While the dirt roads make themselves known indoors via dust and the manipulation of children into slave labor, the roads also (obviously) make themselves known whenever we leave the house. There is only one way in and out of the area where TTH is located, with farm fields and ditches on either side of the road. The fields have been heavily worked and rotated since we moved in — they’ve grown tomatoes, cabbage, raspberries, now cilantro and strawberries. Water from the irrigation drips into the road, eroding massive, wet pothole puddles into the surface of the hard packed dirt.

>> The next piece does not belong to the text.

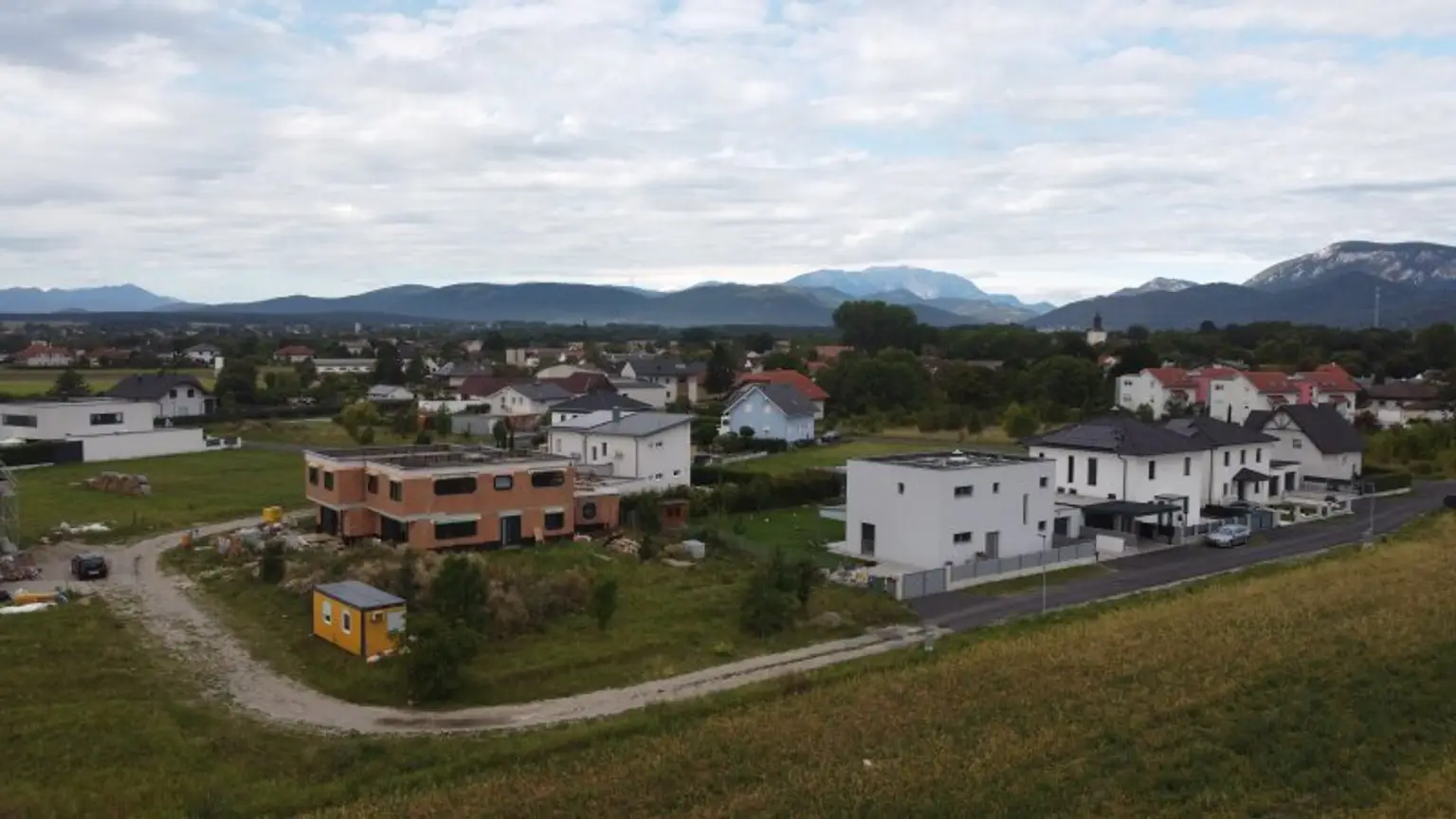 Den Traum eines eigenen Hauses einen weiteren Schritt näher kommen -  Eckrundstück in ruhiger Lage mit Grünblick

When we first moved in, the potholes weren’t as big of a deal. They existed, but after a few trips up and down the road, Josh and I both got a feel for where the worst spots were and how to zigzag the cars around them, autocross style, without breaking the suspension or ending up in the drainage ditches on either side of the road (my dad helpfully informs us from time to time that driving into the ditch “will really mess up your car”). Time and tide and agricultural waste water and my road wait for no man, however, and over the months, we started to notice the landscape of the holes changing. It was becoming harder and harder to dart around the obstacles, as previously-established pathways became unusable in a mire of mud and tire tracks and puddles of alarmingly uncertain depth. There are now no good ways around the potholes, and every bumpy, jarring trip up and down the road is like an adventure in Oregon Trail. Should I ford the river, or caulk the wagon and float?
I think the potholes are taking a serious toll on the suspension and alignment of my vehicle, but a much more obvious sign of dirt road automotive abuse is how impressively filthy my car is. Now, those of you who know me are aware that I’ve never been known as a diligent car washer, and did once have my silver car shamefully recorded as ‘brown’ on a traffic ticket. My dad, while proud of me for being just the smartest, prettiest thing that ever walked the earth, believes my character and lifestyle could be significantly improved with a cleaner car. Sometimes he sits alone late at night, weeping gently into a glass of coke and evil-tasting independent distillery whiskey that I left at his house, wondering how any child of his automotive heritage could have come out so wrong. And even so, even so, I had no idea my car could get this dirty. A film of fine, silty dirt is spread thickly and evenly over its entire surface. It has splatters of dirt all over the doors and windows, from charging through the aforementioned potholes of uncertain depth. It has stalactites of mud growing from the wheel wells, which is to say that my car has dirt on its dirt. Cleaning it seems pointless when the dusty wind and mess of road holes dirty it up again before I can even get to and from a paved street. So, like the dusting, I let it slide. Even Josh, noble knight of outdoor chores his woman refuses to tackle, has somewhat given up on the car washing. It makes sense to us… and no one else. We live in a strange, anomalous rural pocket among ever-increasing suburbs, and once we do get back on asphalt, there is no apparent explanation for how my car got so dirty in the more obvious main landscape of our town. I get looks, awed and fearful, like people are afraid my car might be contagious. People drive a little farther away. Mothers clutch their children close in parking lots, lest the darlings be tempted to write obscenities on my car windows, which are so obviously ripe for it. I feel solidarity with people driving down the freeway on their way back from what’s probably a camping trip or deep-wilderness drug sale/body disposal excursion, because they’re the only other cars in a state remotely comparable to mine.
When Josh’s parents visited us for the first time, all this dirt was the first thing they commented on. “It’s so dusty here!” It certainly is, and it can be a real pain in the ass. When strangers in parking lots comment on the state of my vehicle (“Do you not know where the car wash is?“), I’m filled with righteous indignation, of course. But I also feel a little bit smug, because we love it here, and we feel like we’re the lucky ones. When you live on dirt roads, you have to be willing to get your hands/cars/house/kids dirty — and I would recommend it to anyone, extra dusting and all.